**Data**

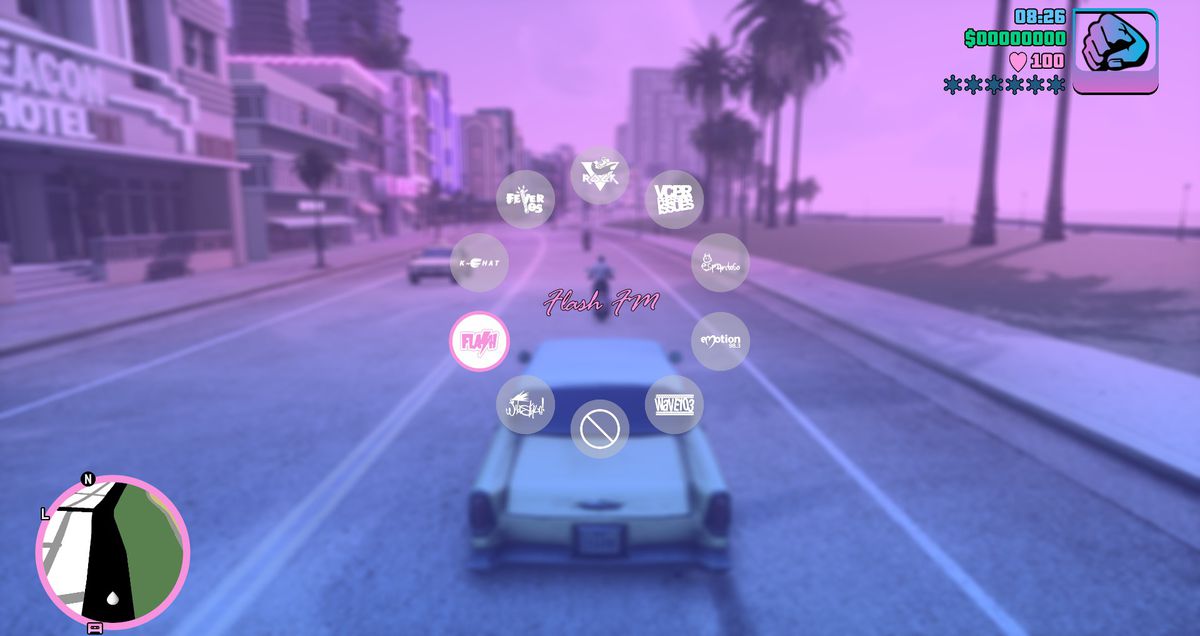 Uma pessoa dirige um carro por uma rodovia costeira na GTA Trilogy.
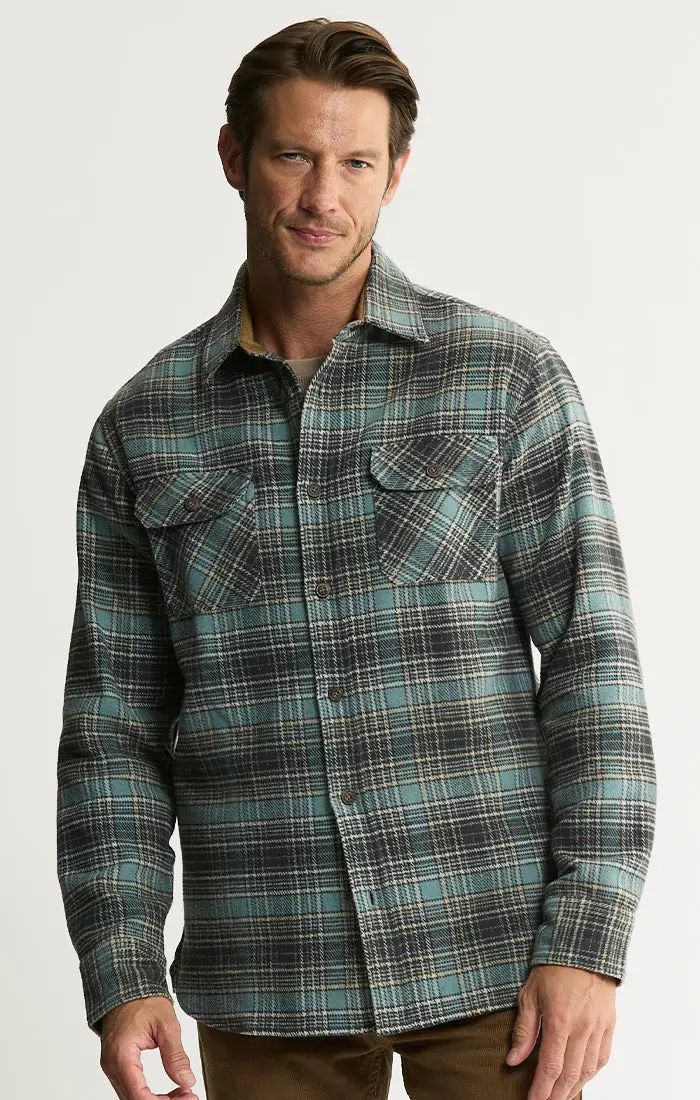A man wearing a long-sleeve button-up plaid shirt in green, black, and white, paired with brown pants, photographed against a light gray studio background.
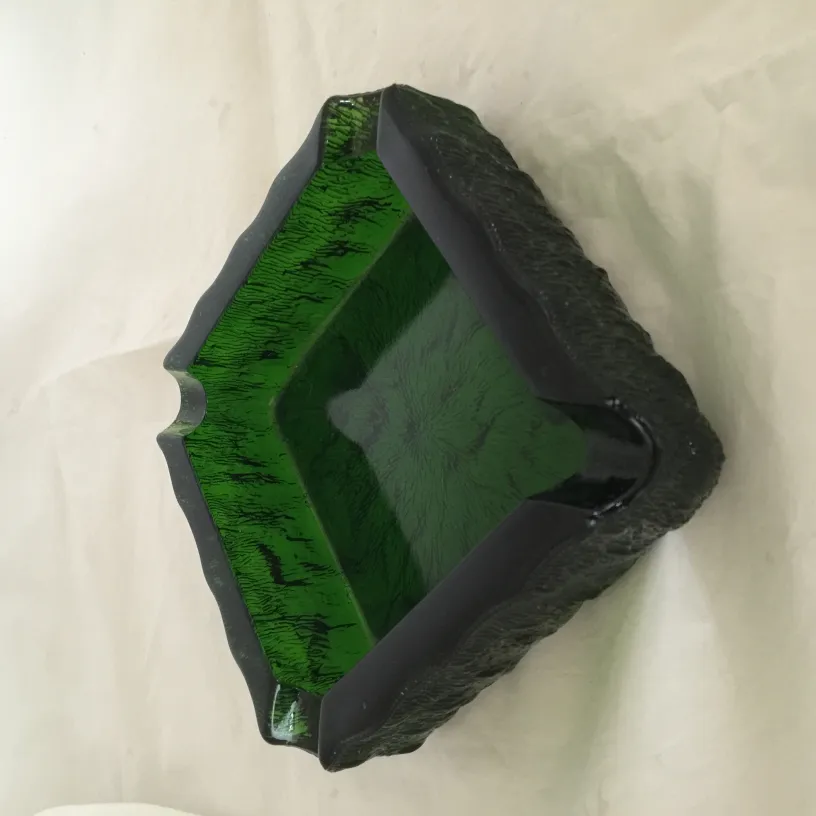 장식적인 가장자리를 가진, 생동감 있는 질감의 녹색 마감의 고전 서있는 재떨이, 사각형 모양.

**What needs to be done**
Nothing but the lines from the first line of the data through the line with "A man wearing" belongs in the answer, copied exactly and without pictures.

**Answer to this task**
 Uma pessoa dirige um carro por uma rodovia costeira na GTA Trilogy.
A man wearing a long-sleeve button-up plaid shirt in green, black, and white, paired with brown pants, photographed against a light gray studio background.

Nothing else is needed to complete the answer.